Si quelques pas ont été franchis avec la loi du 18 octobre 1999, qui a permis de substituer aux termes « opérations effectuées en Afrique du Nord » les termes « guerre d'Algérie », ou encore avec l'ouverture des archives relatives à cette période, il reste cependant plusieurs problèmes ; je pense, par exemple, à l'absence de lieux de mémoire en France consacrés à la guerre d'Algérie.

Plus grave encore est le recul éhonté que constitue l'adoption de l'article 4 de la loi du 23 février 2005, qui fait l'apologie du colonialisme.

Cette loi a tout remis en cause. Initialement destinée à indemniser les rapatriés et les harkis, elle comporte un article qui souligne « le rôle positif de la présence française outre-mer, notamment en Afrique du Nord » et passe sous silence les aspects négatifs de la colonisation. On sait quel effet a produit une telle disposition, notamment en Algérie.

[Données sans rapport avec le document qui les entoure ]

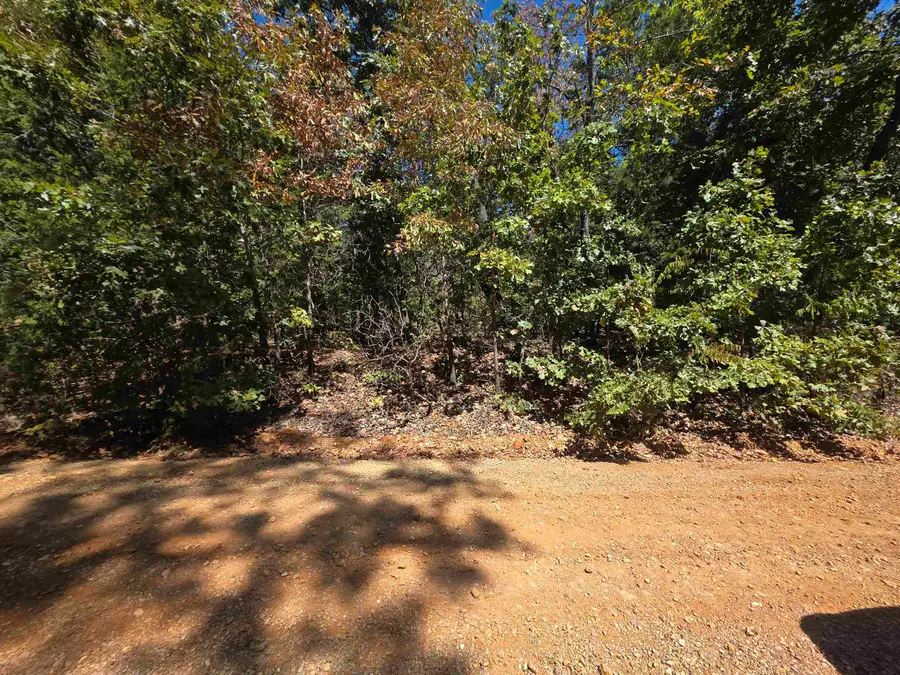 L4E B3 Ridgecrest Drive, Highland, AR 72542 - #2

Le groupe communiste républicain et citoyen a fermement condamné ce révisionnisme colonialiste, lequel participe à la réhabilitation de ceux qui ont défendu le principe de la colonisation jusqu'au bout, allant jusqu'à la terreur, la torture, voire les assassinats. Il faut dénoncer en France le phénomène d'autocensure sur la guerre d'Algérie qui est inacceptable. Si l'on veut parvenir à une véritable réconciliation franco-algérienne, il faut que la guerre d'Algérie soit relatée dans l'histoire de manière scientifique et distanciée. Nous en sommes malheureusement encore loin. Pourtant, c'est bel et bien à cette tâche que devrait prioritairement s'atteler la France, et non à une coopération sécuritaire !

À l'heure actuelle, le traité d'amitié franco-algérien n'est toujours pas signé. Il est resté de longs mois en suspens et a été essentiellement retardé par la polémique née autour de ladite loi. Certes, le chef de l'État français a demandé la réécriture de l'article 4 en déclarant : « Après avoir consulté les principales associations, le président de l'Assemblée nationale déposera une proposition de loi en ce sens afin de réécrire ce texte, et ceci afin de parvenir à une rédaction qui rassemble et qui apaise les esprits. »

J'observe malheureusement que le Président de la République n'a pas choisi d'abroger purement et simplement l'article 4 controversé, comme nous l'avons réclamé et le réclamons encore. Il nous reste donc à attendre la proposition de M. Debré, qui devrait intervenir dans le courant du mois de février.

En tout cas, ce n'est certainement pas un accord relatif à la coopération en matière de sécurité et de lutte contre la criminalité organisée qui permettra une réconciliation profonde entre les deux peuples et comblera le fossé des incompréhensions et des malentendus au sein même de la communauté nationale.

Pour toutes ces raisons, vous comprendrez, mes chers collègues, que le groupe CRC s'abstienne sur ce projet de loi.